SIDRAP. KOMPAKNEWS. My. Id– Para petani di Lingkungan III Pemantingan, Kelurahan Pajalele, Kecamatan Tellu Limpoe, Kabupaten Sidenreng Rappang (Sidrap), diliputi kekhawatiran akan ancaman gagal panen. Pasalnya, sawah mereka yang tengah memasuki masa penting, yakni saat padi mulai keluar malai, kini terancam kekeringan karena sumber air utama mengalami penurunan drastis.Rabu, 30/7/2025.

Biasanya, petani memanfaatkan air dari sungai sekitar untuk dipompa ke area persawahan. Namun kini, aliran sungai tersebut nyaris kering. “Kami harus menunggu sampai lima jam hanya untuk bisa memompa air selama sekitar sepuluh menit. Setelah itu airnya habis lagi,” ungkap Madi, salah satu petani setempat, dengan nada cemas.
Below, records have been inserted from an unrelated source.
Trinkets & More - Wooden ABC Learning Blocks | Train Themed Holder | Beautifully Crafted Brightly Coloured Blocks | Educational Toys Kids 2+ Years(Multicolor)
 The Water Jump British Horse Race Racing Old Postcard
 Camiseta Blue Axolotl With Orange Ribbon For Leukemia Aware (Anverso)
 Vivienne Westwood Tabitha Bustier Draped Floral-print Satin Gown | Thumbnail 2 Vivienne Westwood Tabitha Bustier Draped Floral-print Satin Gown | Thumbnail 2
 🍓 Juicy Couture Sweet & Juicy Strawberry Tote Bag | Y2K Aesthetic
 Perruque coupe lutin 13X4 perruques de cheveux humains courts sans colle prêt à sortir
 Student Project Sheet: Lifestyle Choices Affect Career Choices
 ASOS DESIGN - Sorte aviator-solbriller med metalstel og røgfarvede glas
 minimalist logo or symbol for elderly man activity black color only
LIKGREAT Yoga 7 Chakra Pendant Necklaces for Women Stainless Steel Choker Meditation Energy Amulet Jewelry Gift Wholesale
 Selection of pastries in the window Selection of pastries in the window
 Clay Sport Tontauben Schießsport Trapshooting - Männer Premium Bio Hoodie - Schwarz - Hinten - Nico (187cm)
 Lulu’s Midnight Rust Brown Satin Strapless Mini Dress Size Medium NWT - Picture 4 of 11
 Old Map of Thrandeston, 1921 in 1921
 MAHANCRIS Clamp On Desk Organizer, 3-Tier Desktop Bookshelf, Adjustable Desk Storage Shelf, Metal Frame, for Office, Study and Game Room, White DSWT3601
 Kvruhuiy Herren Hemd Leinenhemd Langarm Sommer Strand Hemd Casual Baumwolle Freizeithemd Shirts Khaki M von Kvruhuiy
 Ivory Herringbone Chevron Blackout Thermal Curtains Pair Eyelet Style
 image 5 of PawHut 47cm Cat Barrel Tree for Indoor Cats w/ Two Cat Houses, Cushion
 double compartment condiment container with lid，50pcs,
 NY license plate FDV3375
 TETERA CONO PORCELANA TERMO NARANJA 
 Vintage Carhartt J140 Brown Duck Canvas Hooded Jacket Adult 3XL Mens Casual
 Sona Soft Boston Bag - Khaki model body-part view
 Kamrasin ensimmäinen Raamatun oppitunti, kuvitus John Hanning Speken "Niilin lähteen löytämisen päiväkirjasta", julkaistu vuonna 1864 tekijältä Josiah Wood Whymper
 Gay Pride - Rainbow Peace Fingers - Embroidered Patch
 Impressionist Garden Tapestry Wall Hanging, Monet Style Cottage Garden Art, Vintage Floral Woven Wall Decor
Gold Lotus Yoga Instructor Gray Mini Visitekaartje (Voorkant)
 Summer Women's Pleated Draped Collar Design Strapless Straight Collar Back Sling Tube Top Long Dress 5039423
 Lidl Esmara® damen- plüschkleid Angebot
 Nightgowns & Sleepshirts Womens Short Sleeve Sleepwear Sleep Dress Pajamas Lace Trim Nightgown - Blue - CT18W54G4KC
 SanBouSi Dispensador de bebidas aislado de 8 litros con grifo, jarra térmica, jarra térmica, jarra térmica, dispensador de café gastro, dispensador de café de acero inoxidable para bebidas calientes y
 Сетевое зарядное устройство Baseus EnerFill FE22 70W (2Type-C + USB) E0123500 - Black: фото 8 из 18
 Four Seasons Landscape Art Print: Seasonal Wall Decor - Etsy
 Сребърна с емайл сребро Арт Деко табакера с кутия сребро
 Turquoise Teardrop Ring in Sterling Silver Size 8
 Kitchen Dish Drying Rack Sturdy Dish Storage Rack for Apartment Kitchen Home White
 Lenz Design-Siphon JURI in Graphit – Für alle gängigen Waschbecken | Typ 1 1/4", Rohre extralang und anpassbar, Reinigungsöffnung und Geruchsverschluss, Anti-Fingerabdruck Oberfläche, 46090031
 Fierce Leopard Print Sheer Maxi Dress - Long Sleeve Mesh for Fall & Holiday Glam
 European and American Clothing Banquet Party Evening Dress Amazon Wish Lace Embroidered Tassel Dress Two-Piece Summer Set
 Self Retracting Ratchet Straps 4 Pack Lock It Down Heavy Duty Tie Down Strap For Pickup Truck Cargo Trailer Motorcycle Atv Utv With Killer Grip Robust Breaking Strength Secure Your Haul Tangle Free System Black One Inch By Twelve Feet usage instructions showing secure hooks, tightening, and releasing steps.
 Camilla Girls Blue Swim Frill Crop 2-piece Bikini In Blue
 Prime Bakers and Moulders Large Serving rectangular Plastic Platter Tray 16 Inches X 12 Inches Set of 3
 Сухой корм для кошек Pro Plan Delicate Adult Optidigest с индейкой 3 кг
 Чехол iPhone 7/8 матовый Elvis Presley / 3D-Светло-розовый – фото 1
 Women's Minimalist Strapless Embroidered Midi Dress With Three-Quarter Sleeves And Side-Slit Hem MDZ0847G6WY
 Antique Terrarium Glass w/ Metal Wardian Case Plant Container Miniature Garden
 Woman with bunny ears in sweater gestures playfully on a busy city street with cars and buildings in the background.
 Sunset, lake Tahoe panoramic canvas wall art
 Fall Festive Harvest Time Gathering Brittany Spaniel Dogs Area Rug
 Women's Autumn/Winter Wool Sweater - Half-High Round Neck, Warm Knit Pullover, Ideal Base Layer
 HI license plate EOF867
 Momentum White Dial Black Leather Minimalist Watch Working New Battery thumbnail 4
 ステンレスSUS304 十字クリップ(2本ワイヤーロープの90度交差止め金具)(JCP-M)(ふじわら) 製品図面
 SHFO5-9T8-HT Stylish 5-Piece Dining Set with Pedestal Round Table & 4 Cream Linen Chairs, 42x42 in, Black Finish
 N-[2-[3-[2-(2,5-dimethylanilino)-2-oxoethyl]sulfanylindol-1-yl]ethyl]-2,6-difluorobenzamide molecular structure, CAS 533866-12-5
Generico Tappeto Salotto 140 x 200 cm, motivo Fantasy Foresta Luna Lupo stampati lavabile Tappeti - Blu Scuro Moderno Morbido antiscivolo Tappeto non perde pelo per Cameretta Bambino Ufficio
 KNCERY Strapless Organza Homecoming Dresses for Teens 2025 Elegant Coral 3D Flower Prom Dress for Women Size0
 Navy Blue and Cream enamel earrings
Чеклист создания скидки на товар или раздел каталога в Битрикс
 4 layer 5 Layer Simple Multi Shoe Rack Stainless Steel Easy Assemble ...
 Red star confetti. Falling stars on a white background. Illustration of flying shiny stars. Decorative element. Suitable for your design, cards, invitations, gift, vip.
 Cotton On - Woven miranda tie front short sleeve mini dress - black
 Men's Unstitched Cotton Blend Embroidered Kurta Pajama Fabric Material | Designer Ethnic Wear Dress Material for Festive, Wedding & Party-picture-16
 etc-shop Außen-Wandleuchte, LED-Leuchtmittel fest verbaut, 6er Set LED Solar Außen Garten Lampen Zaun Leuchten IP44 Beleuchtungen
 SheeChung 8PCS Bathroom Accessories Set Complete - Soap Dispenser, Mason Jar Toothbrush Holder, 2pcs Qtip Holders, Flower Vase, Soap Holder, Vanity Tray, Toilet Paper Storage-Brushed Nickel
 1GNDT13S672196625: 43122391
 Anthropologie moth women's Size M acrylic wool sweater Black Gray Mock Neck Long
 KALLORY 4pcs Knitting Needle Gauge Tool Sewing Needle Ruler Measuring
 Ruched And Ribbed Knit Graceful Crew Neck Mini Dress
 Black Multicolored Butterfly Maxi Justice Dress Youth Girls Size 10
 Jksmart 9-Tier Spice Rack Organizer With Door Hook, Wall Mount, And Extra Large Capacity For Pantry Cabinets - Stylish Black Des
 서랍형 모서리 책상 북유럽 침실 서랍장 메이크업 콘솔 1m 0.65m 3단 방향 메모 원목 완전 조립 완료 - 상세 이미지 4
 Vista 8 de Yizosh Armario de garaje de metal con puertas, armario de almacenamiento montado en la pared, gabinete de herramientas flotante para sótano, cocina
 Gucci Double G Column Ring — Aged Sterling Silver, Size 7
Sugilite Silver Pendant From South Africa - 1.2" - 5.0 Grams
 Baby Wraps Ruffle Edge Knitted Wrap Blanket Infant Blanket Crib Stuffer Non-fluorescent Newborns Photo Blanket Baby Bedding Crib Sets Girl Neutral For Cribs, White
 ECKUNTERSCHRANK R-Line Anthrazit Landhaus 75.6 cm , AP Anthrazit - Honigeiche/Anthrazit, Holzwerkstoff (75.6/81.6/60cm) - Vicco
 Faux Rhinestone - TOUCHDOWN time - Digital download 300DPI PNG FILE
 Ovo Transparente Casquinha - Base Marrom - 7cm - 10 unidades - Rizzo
Puluhan hektare sawah di daerah ini bergantung pada aliran sungai tersebut. Madi menjelaskan bahwa kondisi sungai yang dangkal dan melebar semakin memperparah situasi. “Sungai ini sudah puluhan tahun tidak pernah dikeruk. Selain dangkal, alirannya juga melebar hingga mendekati sawah warga. Jika dibiarkan, bisa-bisa bukan hanya kekeringan, tapi sawah kami juga akan rusak saat musim hujan tiba,” tambahnya.
Para petani berharap adanya perhatian serius dari pemerintah daerah maupun pusat, terutama dalam bentuk normalisasi sungai. Mereka menilai pengerukan sungai menjadi solusi jangka panjang untuk menjaga keberlanjutan pertanian di wilayah tersebut.

“Kami mohon agar sungai ini juga diperhatikan. Pertanian kami bergantung penuh pada air dari sungai Pemantingan,” tutup Madi.